ESXi and vCenter Server 5.1 Documentation > vSphere Virtual Machine Administration > Configure Virtual Machine Hardware in the vSphere Web Client > Networking

Network adapter type

When configuring a virtual machine, you can add network adapters (NICs) and specify the adapter type.

Which network adapter types can be used depends on the following factors:

The virtual machine version (based on the host that created it or most recently updated it).

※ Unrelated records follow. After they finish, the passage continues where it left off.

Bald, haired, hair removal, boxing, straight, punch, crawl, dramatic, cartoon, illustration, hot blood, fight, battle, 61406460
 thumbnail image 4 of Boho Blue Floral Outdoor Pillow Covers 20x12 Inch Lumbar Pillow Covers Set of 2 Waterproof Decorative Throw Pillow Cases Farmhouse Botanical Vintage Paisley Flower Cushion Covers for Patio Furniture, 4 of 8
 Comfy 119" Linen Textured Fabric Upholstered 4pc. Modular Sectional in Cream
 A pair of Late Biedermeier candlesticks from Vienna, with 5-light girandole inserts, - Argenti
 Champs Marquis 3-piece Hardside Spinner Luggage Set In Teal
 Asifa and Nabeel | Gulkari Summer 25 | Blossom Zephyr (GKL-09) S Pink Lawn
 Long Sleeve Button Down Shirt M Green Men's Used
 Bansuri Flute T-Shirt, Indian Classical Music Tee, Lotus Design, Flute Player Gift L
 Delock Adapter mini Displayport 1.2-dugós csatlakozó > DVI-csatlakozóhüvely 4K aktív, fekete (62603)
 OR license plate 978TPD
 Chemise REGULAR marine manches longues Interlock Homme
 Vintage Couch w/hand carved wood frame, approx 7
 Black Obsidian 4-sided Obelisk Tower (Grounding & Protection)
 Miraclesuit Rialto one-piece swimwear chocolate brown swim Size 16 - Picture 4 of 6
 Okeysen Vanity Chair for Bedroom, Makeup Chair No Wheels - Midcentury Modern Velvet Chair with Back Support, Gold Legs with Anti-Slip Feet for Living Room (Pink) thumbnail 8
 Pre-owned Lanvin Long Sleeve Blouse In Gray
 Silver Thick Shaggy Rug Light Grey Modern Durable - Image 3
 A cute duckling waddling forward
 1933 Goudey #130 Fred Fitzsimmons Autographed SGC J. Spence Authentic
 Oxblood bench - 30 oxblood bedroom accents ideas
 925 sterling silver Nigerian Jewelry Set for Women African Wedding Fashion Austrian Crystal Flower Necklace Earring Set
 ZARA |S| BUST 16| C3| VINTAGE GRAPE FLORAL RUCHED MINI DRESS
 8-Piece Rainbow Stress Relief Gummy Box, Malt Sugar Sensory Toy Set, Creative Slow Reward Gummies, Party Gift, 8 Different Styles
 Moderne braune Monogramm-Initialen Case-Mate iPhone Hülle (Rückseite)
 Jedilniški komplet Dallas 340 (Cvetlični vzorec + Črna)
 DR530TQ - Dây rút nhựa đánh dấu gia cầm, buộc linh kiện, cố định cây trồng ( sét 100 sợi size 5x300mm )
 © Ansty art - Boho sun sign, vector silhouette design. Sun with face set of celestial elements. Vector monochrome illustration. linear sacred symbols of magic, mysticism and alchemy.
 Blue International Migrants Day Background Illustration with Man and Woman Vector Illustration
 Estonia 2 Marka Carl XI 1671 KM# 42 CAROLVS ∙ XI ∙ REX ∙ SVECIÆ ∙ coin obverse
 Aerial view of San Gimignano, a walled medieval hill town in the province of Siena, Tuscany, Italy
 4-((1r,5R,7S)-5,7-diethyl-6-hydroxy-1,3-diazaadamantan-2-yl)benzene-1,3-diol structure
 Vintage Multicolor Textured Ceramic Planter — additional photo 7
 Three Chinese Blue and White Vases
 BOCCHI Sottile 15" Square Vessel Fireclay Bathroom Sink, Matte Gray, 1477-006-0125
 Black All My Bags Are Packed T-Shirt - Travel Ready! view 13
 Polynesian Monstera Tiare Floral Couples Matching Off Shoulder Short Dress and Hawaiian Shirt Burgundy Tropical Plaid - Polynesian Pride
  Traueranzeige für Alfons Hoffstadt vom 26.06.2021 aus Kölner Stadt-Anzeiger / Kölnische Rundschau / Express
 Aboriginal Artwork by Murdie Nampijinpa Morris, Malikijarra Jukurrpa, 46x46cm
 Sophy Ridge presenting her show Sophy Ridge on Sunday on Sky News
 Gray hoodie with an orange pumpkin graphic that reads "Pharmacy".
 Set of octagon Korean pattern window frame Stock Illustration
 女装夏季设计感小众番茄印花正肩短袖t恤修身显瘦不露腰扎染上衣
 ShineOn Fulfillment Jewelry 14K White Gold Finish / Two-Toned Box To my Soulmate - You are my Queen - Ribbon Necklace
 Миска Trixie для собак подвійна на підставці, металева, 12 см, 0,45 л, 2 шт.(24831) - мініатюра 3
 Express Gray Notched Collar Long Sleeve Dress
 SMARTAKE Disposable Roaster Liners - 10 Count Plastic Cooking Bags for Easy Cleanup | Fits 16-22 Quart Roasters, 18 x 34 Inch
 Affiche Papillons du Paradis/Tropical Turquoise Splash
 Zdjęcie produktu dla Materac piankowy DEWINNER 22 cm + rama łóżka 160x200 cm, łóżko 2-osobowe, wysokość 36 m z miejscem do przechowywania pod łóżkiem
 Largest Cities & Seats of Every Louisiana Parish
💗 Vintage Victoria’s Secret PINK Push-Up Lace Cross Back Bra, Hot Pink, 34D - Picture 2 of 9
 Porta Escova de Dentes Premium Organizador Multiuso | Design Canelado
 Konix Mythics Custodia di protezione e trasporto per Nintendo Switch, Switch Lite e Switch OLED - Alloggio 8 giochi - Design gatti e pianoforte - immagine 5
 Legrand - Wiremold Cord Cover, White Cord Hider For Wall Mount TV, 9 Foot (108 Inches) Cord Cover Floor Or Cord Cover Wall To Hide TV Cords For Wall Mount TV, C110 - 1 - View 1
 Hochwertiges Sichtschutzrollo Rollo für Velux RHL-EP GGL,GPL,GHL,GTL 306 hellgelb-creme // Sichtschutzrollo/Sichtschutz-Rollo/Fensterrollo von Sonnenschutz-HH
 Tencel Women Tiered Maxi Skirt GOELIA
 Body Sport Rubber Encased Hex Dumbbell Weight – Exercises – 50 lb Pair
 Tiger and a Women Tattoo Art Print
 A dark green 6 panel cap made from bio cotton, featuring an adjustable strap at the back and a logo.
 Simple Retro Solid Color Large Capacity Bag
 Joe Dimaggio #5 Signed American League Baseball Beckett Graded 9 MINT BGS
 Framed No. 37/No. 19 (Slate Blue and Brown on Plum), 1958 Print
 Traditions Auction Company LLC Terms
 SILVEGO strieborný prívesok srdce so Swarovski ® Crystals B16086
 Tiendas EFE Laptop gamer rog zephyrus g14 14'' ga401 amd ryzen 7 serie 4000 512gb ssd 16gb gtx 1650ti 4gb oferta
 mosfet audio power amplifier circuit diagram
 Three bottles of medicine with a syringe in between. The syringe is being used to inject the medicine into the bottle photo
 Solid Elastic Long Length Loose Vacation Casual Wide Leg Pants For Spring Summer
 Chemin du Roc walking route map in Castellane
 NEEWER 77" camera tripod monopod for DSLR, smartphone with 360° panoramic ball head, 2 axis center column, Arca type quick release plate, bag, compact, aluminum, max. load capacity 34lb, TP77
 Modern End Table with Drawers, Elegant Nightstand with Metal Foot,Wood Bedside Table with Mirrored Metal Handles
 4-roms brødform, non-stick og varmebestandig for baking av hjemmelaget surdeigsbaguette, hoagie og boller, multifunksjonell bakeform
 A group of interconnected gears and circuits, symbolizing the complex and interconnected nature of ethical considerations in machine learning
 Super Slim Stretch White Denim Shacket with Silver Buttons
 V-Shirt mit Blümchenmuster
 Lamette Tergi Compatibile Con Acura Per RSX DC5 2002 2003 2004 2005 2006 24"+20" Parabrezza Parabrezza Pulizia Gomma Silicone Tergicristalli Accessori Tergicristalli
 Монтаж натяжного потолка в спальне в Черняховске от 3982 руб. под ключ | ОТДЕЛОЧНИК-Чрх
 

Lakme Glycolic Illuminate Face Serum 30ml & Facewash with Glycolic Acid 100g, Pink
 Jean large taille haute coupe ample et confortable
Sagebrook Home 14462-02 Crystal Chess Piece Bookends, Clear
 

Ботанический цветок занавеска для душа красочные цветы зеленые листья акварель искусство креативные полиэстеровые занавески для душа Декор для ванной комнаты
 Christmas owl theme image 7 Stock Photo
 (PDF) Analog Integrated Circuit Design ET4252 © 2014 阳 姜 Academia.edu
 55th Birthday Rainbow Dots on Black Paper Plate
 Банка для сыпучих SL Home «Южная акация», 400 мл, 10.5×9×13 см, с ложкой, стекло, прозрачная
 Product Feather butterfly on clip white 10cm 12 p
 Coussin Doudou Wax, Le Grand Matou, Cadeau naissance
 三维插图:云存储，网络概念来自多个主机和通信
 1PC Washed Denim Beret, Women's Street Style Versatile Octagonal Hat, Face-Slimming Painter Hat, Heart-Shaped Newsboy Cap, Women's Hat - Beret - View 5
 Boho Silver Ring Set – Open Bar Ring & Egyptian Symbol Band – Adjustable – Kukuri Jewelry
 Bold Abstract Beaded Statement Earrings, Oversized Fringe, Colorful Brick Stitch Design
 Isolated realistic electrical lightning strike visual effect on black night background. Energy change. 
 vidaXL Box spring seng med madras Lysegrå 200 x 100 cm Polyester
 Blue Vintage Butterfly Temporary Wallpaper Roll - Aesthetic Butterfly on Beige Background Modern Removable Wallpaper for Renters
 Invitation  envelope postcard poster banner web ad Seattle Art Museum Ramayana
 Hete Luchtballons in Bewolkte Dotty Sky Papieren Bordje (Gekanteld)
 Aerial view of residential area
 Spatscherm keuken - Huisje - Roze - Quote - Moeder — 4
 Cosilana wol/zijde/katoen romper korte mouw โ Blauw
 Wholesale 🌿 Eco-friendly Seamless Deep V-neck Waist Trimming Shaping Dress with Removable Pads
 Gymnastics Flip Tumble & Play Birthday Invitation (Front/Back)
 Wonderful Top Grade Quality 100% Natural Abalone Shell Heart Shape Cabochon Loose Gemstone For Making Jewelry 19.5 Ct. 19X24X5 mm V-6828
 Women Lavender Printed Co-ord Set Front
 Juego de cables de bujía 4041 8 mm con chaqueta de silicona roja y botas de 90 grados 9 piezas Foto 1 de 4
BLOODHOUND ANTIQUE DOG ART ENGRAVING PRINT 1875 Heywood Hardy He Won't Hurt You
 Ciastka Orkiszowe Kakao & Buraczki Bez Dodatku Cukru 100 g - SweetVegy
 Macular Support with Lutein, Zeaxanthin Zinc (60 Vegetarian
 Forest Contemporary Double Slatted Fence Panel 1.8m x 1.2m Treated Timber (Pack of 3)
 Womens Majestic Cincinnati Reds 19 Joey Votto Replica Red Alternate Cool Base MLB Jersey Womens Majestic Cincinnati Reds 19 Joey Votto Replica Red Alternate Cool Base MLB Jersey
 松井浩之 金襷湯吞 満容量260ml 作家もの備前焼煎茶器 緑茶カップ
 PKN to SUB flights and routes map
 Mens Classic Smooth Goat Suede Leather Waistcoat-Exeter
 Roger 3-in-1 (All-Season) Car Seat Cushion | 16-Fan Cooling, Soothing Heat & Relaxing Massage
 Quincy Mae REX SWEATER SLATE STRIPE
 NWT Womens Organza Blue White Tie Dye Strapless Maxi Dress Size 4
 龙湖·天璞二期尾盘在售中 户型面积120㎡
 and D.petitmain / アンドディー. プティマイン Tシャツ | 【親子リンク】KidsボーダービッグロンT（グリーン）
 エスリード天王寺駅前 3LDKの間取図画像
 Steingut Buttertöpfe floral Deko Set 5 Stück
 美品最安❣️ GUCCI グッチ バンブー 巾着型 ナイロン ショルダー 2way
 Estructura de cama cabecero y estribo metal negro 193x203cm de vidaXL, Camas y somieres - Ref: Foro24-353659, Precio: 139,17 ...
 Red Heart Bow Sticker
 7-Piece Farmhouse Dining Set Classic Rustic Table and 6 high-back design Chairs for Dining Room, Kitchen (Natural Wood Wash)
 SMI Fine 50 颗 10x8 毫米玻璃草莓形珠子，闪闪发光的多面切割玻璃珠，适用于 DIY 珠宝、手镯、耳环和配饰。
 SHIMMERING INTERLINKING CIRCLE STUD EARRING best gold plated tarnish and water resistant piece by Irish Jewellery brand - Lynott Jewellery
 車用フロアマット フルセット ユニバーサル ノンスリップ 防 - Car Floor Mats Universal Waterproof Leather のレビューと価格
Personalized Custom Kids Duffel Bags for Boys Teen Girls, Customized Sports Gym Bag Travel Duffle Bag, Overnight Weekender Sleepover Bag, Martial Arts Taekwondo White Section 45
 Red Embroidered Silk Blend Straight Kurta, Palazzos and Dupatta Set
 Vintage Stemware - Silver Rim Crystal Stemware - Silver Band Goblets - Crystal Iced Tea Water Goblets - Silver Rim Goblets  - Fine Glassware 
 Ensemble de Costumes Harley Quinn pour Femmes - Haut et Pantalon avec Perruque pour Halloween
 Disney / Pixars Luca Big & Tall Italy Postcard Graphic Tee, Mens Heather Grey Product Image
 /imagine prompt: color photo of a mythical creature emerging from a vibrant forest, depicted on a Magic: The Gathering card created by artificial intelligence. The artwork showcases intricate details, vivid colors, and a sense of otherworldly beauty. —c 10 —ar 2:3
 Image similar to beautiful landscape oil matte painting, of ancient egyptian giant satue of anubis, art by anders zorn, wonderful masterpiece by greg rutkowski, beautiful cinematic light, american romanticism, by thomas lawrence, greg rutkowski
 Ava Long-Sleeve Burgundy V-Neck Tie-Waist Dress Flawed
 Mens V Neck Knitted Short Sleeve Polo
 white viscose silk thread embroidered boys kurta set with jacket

Whether the virtual machine has been updated to the latest version of the current host.

Guest operating system.

The following network card types are supported:

E1000

An emulated version of the Intel 82545EM Gigabit Ethernet NIC with drivers available in most newer guest operating systems, including Windows XP and later and Linux version 2.4.19 and later.

variable

When a virtual machine boots, it identifies itself as a Vlance adapter, but can initialize itself as a Vlance or VMXNET adapter and function accordingly, depending on the driver that initialized it. After VMware Tools is installed, the VMXNET driver changes the Vlance adapter to the higher performance VMXNET adapter.

Vlance

An emulated version of the AMD 79C970 PCnet32 LANCE NIC, an older 10 Mbps NIC with drivers available in most 32-bit guest operating systems (except Windows Vista and later). Virtual machines configured with this network adapter can use their network immediately.

VMXNET

Optimized for greater performance in virtual machines and has no physical copies. Because the operating system vendor does not provide built-in drivers for this card, you must install VMware Tools to provide a usable driver for the VMXNET network adapter.

VMXNET 2 (Enhanced)

Based on the VMXNET adapter, but provides higher performance features commonly used in modern networks, such as jumbo frames and hardware offload. VMXNET 2 (enhanced) is only available for select guest operating systems on ESX/ESXi 3.5 and later hosts.

VMXNET 3

The next generation of paravirtualized NICs, built for high performance. VMXNET 3 provides all the features available in VMXNET 2, plus several new features such as multi-queue support (also known as receiver-side scaling in Windows), IPv6 offload, and MSI/MSI-X interrupt delivery. VMXNET 3 is not related to VMXNET or VMXNET 2.